*** Opening of DATA EXCERPTS ***

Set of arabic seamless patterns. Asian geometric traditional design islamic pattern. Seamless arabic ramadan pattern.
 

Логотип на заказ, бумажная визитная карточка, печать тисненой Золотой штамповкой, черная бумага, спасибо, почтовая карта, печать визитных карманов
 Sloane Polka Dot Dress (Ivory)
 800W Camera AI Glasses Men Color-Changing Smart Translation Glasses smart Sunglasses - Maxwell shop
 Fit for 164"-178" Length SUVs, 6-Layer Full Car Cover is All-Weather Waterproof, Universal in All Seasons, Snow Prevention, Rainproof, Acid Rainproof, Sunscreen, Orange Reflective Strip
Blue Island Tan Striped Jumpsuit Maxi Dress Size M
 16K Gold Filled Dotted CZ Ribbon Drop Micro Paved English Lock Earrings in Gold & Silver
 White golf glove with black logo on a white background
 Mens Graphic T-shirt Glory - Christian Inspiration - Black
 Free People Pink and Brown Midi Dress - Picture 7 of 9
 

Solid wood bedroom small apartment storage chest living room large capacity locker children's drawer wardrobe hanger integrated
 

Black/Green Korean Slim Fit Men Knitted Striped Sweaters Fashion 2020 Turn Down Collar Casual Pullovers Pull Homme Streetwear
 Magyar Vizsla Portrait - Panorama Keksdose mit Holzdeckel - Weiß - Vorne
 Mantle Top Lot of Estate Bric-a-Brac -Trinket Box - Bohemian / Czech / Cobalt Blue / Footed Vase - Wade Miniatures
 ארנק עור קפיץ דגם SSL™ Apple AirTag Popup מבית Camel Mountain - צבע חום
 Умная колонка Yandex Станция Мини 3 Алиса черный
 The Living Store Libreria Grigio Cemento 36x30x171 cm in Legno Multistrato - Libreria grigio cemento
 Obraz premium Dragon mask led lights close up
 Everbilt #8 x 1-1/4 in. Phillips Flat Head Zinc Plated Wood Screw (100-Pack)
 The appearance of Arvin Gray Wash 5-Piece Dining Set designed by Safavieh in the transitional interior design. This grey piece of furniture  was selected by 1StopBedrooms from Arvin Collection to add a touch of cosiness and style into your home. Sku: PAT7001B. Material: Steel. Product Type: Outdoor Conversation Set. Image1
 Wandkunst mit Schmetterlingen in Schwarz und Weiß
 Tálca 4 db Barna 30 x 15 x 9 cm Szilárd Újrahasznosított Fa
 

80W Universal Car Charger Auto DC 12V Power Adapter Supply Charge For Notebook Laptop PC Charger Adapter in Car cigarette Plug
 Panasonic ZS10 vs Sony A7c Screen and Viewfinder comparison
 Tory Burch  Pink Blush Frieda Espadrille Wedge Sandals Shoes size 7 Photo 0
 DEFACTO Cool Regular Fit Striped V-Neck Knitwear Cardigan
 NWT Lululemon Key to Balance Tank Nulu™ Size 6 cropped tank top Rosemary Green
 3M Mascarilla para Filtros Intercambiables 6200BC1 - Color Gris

*** Close of DATA EXCERPTS ***

# WORK REQUEST
Please give an exact restatement of only the lines from the beginning of the material above to the line with "Sloane Polka Dot Dress (Ivory)", inclusive.

# ANSWER BOX
Set of arabic seamless patterns. Asian geometric traditional design islamic pattern. Seamless arabic ramadan pattern.
 

Логотип на заказ, бумажная визитная карточка, печать тисненой Золотой штамповкой, черная бумага, спасибо, почтовая карта, печать визитных карманов
 Sloane Polka Dot Dress (Ivory)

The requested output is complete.